What the task requires: Print word for word the records from the line containing "this 1062×795 image." through the end.

Source material:
━━━━━━

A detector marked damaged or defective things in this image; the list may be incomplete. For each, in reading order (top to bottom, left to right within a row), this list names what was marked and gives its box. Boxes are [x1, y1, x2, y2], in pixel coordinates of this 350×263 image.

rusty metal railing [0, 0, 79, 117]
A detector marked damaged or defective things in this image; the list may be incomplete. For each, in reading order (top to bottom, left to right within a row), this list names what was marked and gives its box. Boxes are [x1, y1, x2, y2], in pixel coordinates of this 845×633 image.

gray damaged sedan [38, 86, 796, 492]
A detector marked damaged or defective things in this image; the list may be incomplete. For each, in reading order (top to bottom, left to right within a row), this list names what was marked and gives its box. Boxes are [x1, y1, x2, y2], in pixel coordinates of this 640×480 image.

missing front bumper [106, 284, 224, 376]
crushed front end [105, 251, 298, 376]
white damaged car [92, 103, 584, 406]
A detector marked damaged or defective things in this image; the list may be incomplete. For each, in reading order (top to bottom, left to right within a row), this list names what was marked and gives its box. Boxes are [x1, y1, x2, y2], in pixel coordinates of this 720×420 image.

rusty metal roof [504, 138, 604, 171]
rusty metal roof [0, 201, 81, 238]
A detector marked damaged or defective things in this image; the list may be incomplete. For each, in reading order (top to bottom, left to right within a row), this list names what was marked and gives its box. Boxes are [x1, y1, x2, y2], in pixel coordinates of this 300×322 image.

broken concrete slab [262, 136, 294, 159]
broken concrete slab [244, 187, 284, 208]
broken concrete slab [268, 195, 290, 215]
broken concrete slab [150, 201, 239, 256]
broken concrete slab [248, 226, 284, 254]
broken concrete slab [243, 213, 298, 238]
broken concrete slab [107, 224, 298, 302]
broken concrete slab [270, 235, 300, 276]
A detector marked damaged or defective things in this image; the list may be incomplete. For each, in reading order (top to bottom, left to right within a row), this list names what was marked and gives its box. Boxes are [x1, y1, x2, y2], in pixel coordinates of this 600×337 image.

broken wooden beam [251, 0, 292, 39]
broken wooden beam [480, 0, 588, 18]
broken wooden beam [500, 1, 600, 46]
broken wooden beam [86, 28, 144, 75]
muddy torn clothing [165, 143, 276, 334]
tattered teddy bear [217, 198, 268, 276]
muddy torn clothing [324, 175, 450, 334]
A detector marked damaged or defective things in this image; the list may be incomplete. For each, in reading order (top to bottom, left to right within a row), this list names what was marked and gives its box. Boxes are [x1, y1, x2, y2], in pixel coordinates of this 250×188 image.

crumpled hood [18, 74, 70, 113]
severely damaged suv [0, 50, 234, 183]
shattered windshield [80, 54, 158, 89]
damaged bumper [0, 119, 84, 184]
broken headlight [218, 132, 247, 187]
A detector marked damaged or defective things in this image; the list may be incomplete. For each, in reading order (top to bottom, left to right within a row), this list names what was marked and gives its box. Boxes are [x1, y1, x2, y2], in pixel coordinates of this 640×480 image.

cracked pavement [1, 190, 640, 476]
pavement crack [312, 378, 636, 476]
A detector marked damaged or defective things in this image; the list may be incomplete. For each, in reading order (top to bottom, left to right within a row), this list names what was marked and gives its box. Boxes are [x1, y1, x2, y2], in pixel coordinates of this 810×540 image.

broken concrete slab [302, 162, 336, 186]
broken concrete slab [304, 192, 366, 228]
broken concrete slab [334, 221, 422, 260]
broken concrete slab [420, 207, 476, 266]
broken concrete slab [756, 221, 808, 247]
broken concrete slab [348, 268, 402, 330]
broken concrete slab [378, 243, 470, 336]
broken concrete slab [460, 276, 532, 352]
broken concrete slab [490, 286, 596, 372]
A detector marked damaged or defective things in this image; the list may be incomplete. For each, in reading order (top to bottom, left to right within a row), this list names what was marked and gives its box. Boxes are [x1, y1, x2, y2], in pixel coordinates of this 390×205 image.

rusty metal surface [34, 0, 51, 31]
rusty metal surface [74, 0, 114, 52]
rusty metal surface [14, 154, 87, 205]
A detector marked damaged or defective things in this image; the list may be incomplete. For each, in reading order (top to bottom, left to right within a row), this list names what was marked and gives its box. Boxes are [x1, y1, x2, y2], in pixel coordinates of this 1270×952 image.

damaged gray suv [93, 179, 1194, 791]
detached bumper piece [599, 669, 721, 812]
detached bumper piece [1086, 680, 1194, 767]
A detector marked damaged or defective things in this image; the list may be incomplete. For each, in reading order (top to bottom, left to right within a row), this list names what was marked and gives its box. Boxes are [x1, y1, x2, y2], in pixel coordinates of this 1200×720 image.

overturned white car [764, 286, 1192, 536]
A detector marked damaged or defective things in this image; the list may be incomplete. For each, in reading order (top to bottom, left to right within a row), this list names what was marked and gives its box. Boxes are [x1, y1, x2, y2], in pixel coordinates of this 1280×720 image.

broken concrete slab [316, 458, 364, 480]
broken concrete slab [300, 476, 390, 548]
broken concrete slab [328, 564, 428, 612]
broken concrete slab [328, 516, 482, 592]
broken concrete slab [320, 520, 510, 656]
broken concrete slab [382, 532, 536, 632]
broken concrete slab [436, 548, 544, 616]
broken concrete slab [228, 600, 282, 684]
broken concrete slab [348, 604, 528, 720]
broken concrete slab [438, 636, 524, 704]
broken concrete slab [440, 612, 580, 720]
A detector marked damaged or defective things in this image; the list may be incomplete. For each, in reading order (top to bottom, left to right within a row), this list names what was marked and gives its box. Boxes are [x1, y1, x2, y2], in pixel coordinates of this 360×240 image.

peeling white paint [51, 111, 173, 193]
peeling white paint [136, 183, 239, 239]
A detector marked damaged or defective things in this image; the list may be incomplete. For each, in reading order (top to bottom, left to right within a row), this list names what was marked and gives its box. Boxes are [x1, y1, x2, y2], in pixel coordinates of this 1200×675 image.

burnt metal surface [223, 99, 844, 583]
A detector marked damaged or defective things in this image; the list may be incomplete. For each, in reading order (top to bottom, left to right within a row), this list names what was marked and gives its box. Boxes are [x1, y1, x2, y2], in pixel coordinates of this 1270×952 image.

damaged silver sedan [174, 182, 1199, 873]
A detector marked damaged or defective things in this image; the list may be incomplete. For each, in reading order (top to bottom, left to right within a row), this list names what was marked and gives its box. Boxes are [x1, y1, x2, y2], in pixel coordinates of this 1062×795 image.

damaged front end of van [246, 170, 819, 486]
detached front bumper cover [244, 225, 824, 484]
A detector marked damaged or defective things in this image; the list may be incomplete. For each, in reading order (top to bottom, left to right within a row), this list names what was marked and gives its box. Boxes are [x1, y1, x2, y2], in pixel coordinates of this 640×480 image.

━━━━━━

Response to this task:
A detector marked damaged or defective things in this image; the list may be incomplete. For each, in reading order (top to bottom, left to right within a row), this list names what was marked and gives its box. Boxes are [x1, y1, x2, y2], in pixel coordinates of this 1062×795 image.

damaged front end of van [246, 170, 819, 486]
detached front bumper cover [244, 225, 824, 484]
A detector marked damaged or defective things in this image; the list may be incomplete. For each, in reading order (top to bottom, left to right within a row), this list names what was marked and gives its box. Boxes are [x1, y1, x2, y2], in pixel coordinates of this 640×480 image.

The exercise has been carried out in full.